Task prompt:
Starting with the line that includes "Woman standing holding a baby", write out every remaining line of the records below exactly as it appears, leaving out any images.

*** Opening of Exercise materials ***

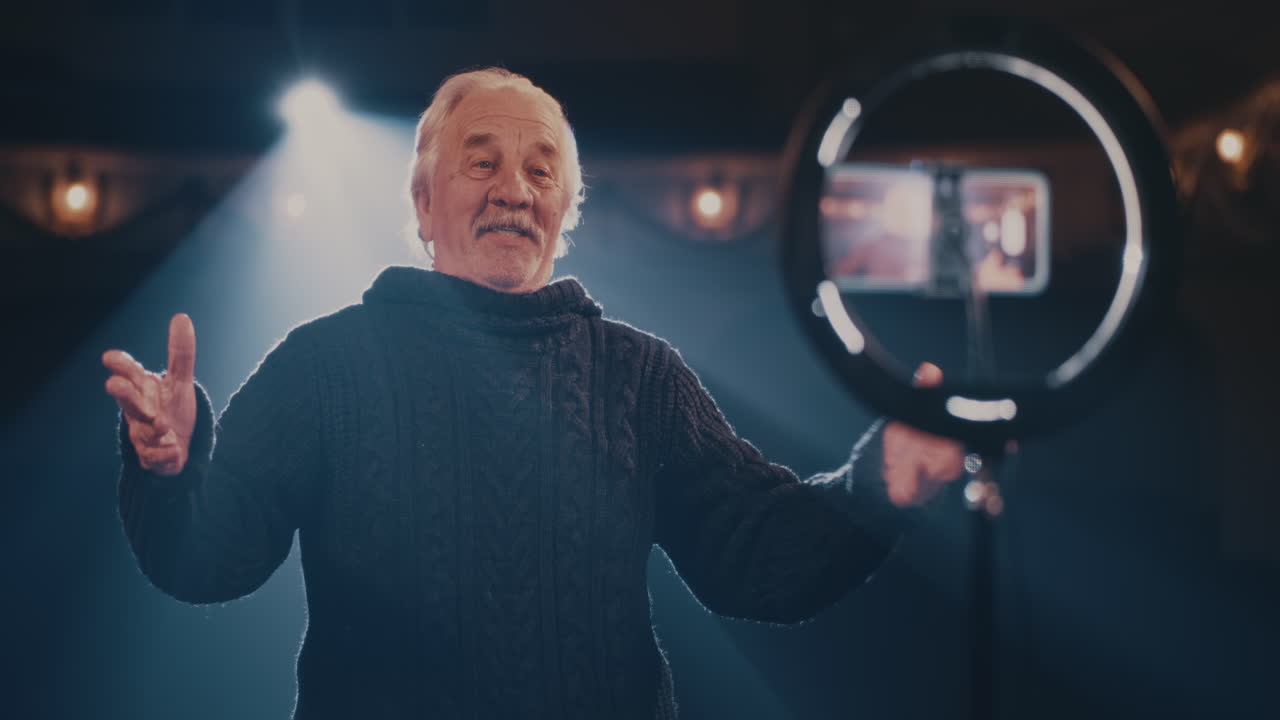 Aged Actor Recording Video on Theater Stage Rack Focus of Elderly Man in Sweater Gesticulating and Speaking to Online Audience while Recording Video in Spotlight in Theater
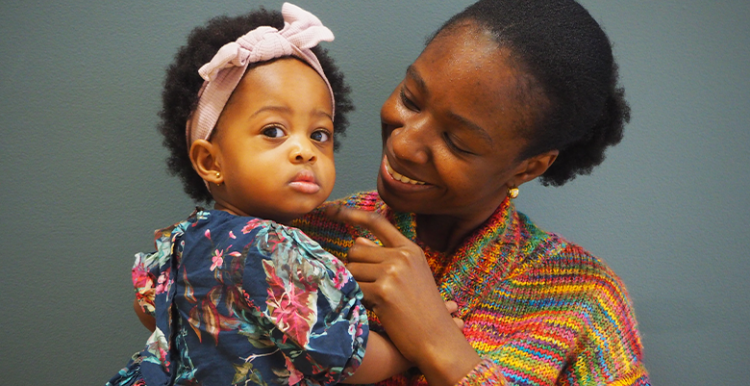 Woman standing holding a baby 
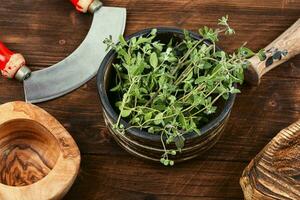 Fresh marjoram leaves on the table. photo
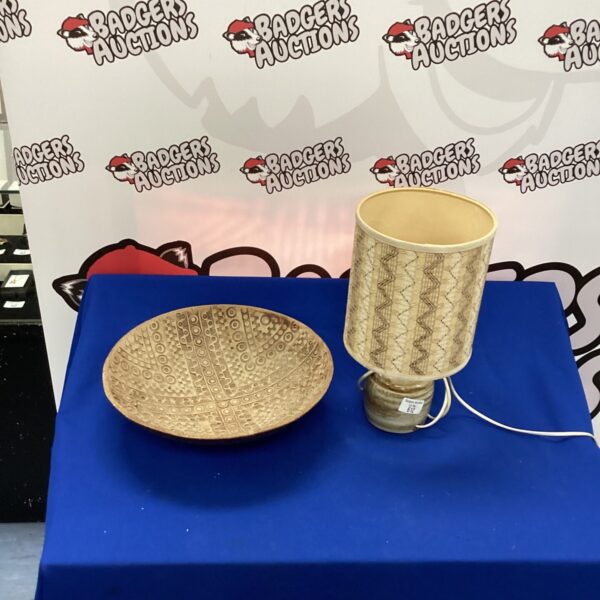 Handmade pottery table lamp with textured ceramic base.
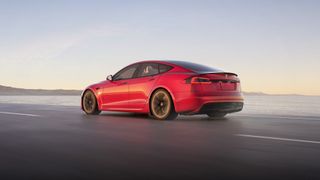 Tesla model s in red render on open road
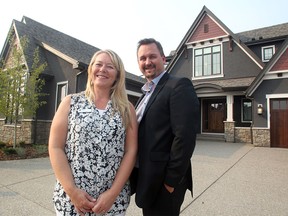 Calgary Health Trust Manager of Events and Lotteries Nicole Janke, left, and Calbridge Homes Director of Marketing Dan Hippe stood outside the 2015 Hospital Home Lottery prize home in Mahogany on August 26, 2015.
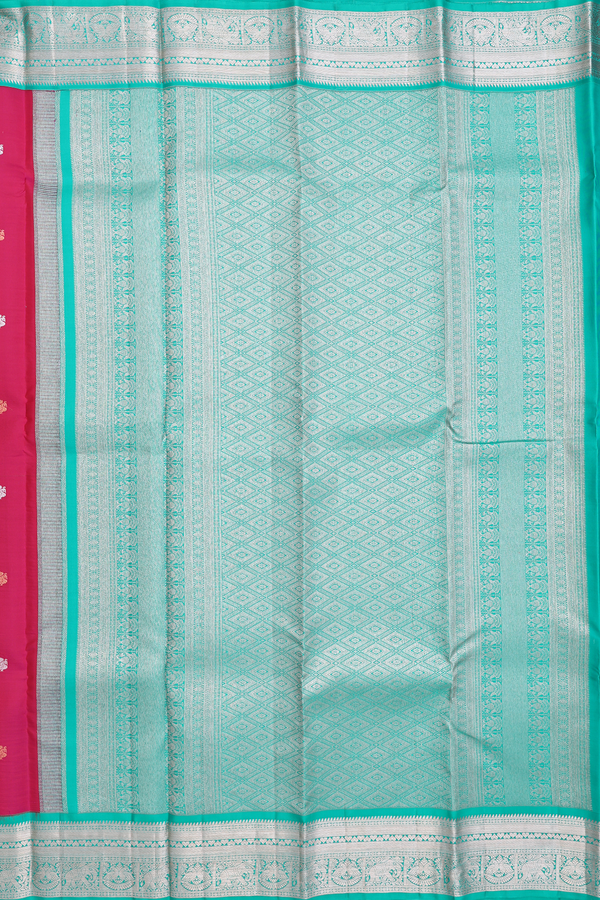 Kanchipuram Silk Saree In Rani Pink With Peacock Buttas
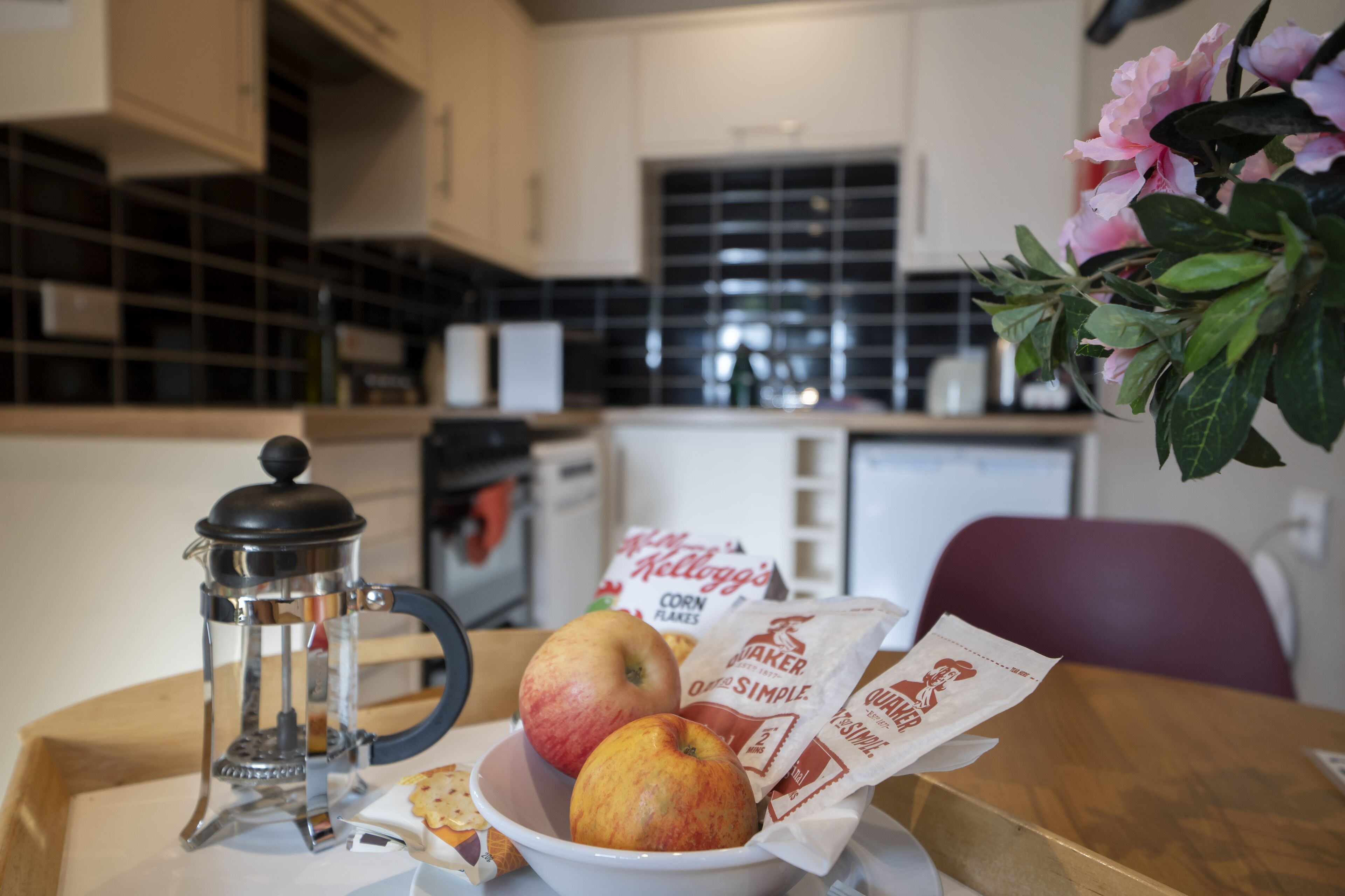 A kitchen with a coffee maker, a bowl of fruit, and coffee bags on the counter.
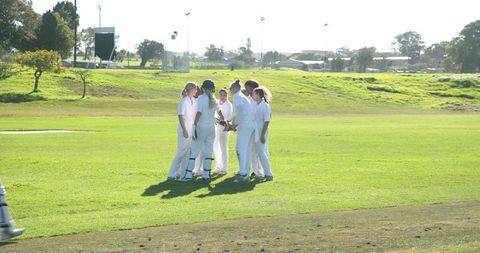 Female cricket team huddling in sunlit field for team spirit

*** Close of Exercise materials ***

Result of the exercise:
 Woman standing holding a baby 
 Fresh marjoram leaves on the table. photo
 Handmade pottery table lamp with textured ceramic base.
 Tesla model s in red render on open road
 Calgary Health Trust Manager of Events and Lotteries Nicole Janke, left, and Calbridge Homes Director of Marketing Dan Hippe stood outside the 2015 Hospital Home Lottery prize home in Mahogany on August 26, 2015.
 Kanchipuram Silk Saree In Rani Pink With Peacock Buttas
 A kitchen with a coffee maker, a bowl of fruit, and coffee bags on the counter.
 Female cricket team huddling in sunlit field for team spirit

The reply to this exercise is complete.